Records contained in a dataset:
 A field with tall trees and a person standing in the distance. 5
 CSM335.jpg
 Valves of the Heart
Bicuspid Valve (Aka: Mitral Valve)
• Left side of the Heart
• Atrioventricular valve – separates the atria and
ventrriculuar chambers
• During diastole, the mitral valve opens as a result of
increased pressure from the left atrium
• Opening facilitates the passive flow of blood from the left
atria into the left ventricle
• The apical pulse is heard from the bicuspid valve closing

* * *

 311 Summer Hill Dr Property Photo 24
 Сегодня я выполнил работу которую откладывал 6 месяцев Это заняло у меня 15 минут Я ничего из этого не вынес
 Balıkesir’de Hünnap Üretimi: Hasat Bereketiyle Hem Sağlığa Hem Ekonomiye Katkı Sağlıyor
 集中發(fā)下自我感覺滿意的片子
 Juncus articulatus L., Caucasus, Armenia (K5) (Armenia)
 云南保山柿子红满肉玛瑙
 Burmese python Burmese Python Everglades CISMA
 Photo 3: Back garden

The task:
Look above for the line with "集中發(fā)下自我感覺滿意的片子"; retype exactly that line, every line after it up to the line with "Photo 3: Back garden", and that line too, nothing else.

Completed exercise:
 集中發(fā)下自我感覺滿意的片子
 Juncus articulatus L., Caucasus, Armenia (K5) (Armenia)
 云南保山柿子红满肉玛瑙
 Burmese python Burmese Python Everglades CISMA
 Photo 3: Back garden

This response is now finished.